New legislation allows military vets to pay in-state tuition

Staff reports Updated: June 9, 2009 at 12:00 am • Published: June 9, 2009

 

Gov. Bill Ritter's signing of House Bill 1039 last week will level the playing field for Colorado colleges and universities who are trying to attract veterans, said retired Col. Greg Akers, director of the Office of Veterans' Affairs at the University of Colorado at Boulder.

The new law grants in-state tuition to all military veterans who have been honorably discharged when they become Colorado residents.
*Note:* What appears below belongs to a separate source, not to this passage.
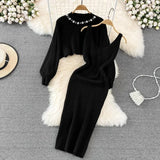 woloong Women Sweater Midi Dress Set Casual Pullovers Suits Autumn Winter O-neck Long Sleeve Knitted Solid Slim Elegance Tops Elastic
According to Akers, 16 out-of-state military veterans were accepted for admission to CU-Boulder during the 2008-09 school year, but only one attended CU.  While Akers doesn't know for sure why the veterans didn't attend CU, he said it is safe to say that some of them may have declined due to the tuition cost.

"The new GI Bill that will pay the in-state tuition cost in full for veterans, taken with this change, will make it much more affordable for out-of-state veterans to attend school here," Akers said. "This is great news for us, because we want veterans to consider the CU when they are choosing their schools."

CU-Boulder has approximately 400 undergraduate and graduate students who are military veterans, according to Akers.

Before taking the job to create the Office of Veterans' Affairs in fall 2007, Akers directed the Marine Corps ROTC program at CU-Boulder for four years. He retired from the U.S. Marine Corps in 2007 after 28 years of service that included posts with numerous combat units and at the Pentagon and in Africa.